Theory Step_CSPM_Laws
section‹ The Step-Laws ›
theory Step_CSPM_Laws
imports Global_Deterministic_Choice Multi_Synchronization_Product
Multi_Sequential_Composition Interrupt Throw
begin
text ‹The step-laws describe the behaviour of the operators wrt. the multi-prefix choice.›
subsection ‹The Throw Operator›
lemma Throw_Mprefix:
‹(□a ∈ A → P a) Θ b ∈ B. Q b =
□a ∈ A → (if a ∈ B then Q a else P a Θ b ∈ B. Q b)›
(is ‹?lhs = ?rhs›)
proof (subst Process_eq_spec_optimized, safe)
fix s
assume ‹s ∈ 𝒟 ?lhs›
then consider t1 t2 where ‹s = t1 @ t2› ‹t1 ∈ 𝒟 (□a ∈ A → P a)› ‹tF t1›
‹set t1 ∩ ev ` B = {}› ‹ftF t2›
| t1 b t2 where ‹s = t1 @ ev b # t2› ‹t1 @ [ev b] ∈ 𝒯 (□a∈A → P a)›
‹set t1 ∩ ev ` B = {}› ‹b ∈ B› ‹t2 ∈ 𝒟 (Q b)›
by (simp add: D_Throw) blast
thus ‹s ∈ 𝒟 ?rhs›
proof cases
fix t1 t2 assume * : ‹s = t1 @ t2› ‹t1 ∈ 𝒟 (□a∈A → P a)› ‹tF t1›
‹set t1 ∩ ev ` B = {}› ‹ftF t2›
from "*"(2) obtain a t1' where ** : ‹t1 = ev a # t1'› ‹a ∈ A› ‹t1' ∈ 𝒟 (P a)›
by (auto simp add: D_Mprefix)
from "*"(4) "**"(1) have *** : ‹a ∉ B› by (simp add: image_iff)

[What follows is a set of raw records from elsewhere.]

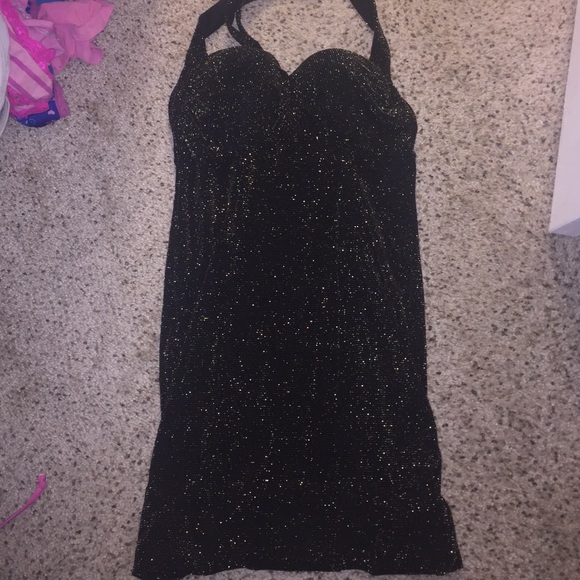 Black with gold shimmer bra top dress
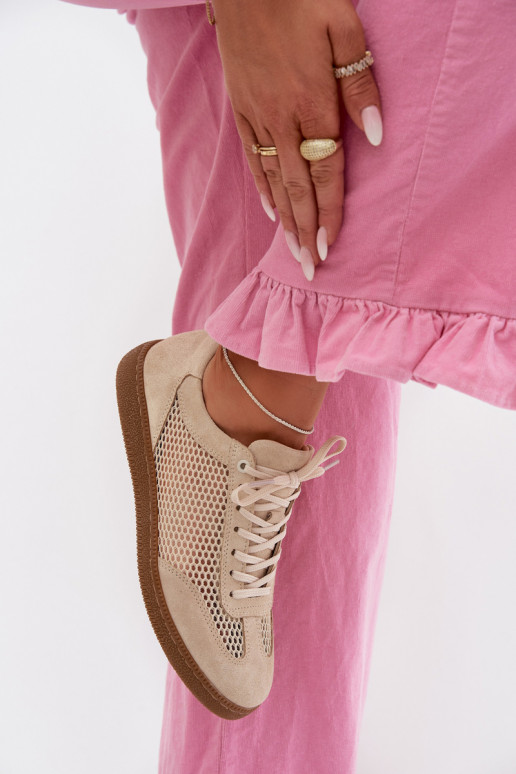 Haut aus INildleder Sneakers Stilvollllschuhe Feminin mit Netz Zazoo N1142 Beige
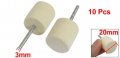 Uxcella 10 Pcs Buffing Polishing 3mm Shank 20mm Hard Cylindrical Felt Wheel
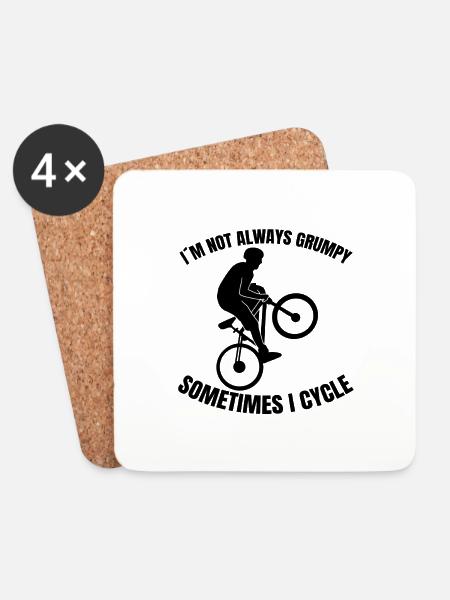 Bike Tour Bike Cycling Mountainbike Cycling - Coasters (set of 4) - white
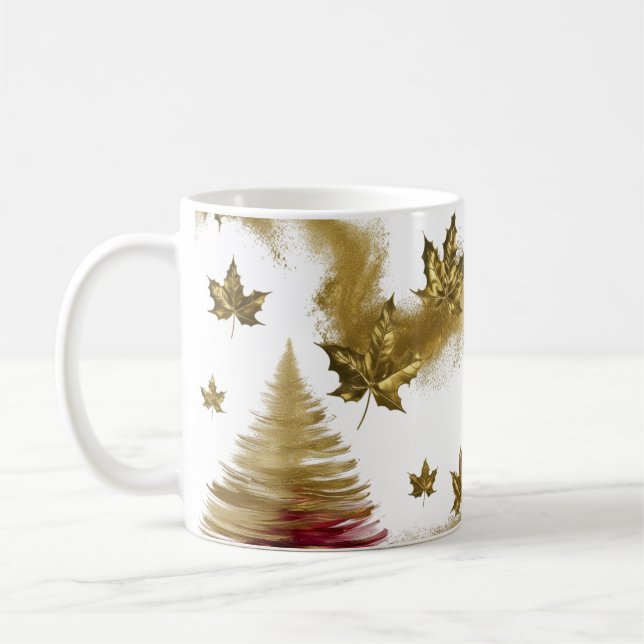 Mug Glam Gold Maple Leaves Abstract Christmas Tree  (Gauche)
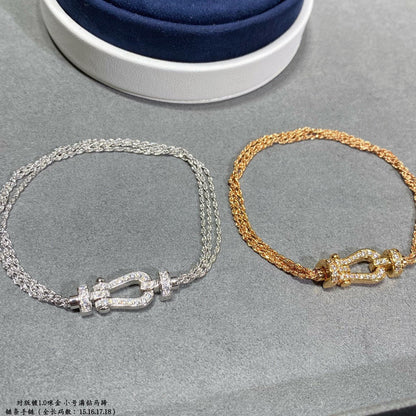 [⭐Lioran]FORCE SMALL HORSESHOE  DIAMOND CHAIN ROPE BRACELET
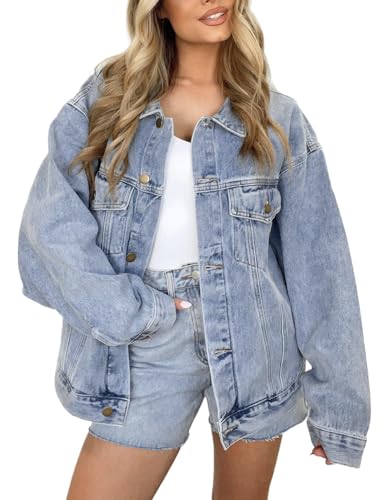 Kedera Women's Oversized Jean Jacket Long Blue Denim Jacket Long Sleeve Button Down Trucker Jacket Shacket Fall Coats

have ‹t1' @ t2 ∈ 𝒟 (Throw (P a) B Q)›
using "*"(3, 4, 5) "**"(1, 3) by (auto simp add: D_Throw)
with "***" show ‹s ∈ 𝒟 ?rhs›
by (simp add: D_Mprefix "*"(1) "**"(1, 2))
next
fix t1 b t2 assume * : ‹s = t1 @ ev b # t2› ‹t1 @ [ev b] ∈ 𝒯 (□a∈A → P a)›
‹set t1 ∩ ev ` B = {}› ‹b ∈ B› ‹t2 ∈ 𝒟 (Q b)›
show ‹s ∈ 𝒟 ?rhs›
proof (cases ‹t1›)
from "*"(2) show ‹t1 = [] ⟹ s ∈ 𝒟 ?rhs›
by (simp add: D_Mprefix T_Mprefix "*"(1, 4, 5))
next
fix a t1'
assume ‹t1 = a # t1'›
then obtain a' where ‹t1 = ev a' # t1'›
by (metis "*"(2) append_Cons append_Nil append_T_imp_tickFree
event⇩p⇩t⇩i⇩c⇩k.exhaust non_tickFree_tick not_Cons_self tickFree_append_iff)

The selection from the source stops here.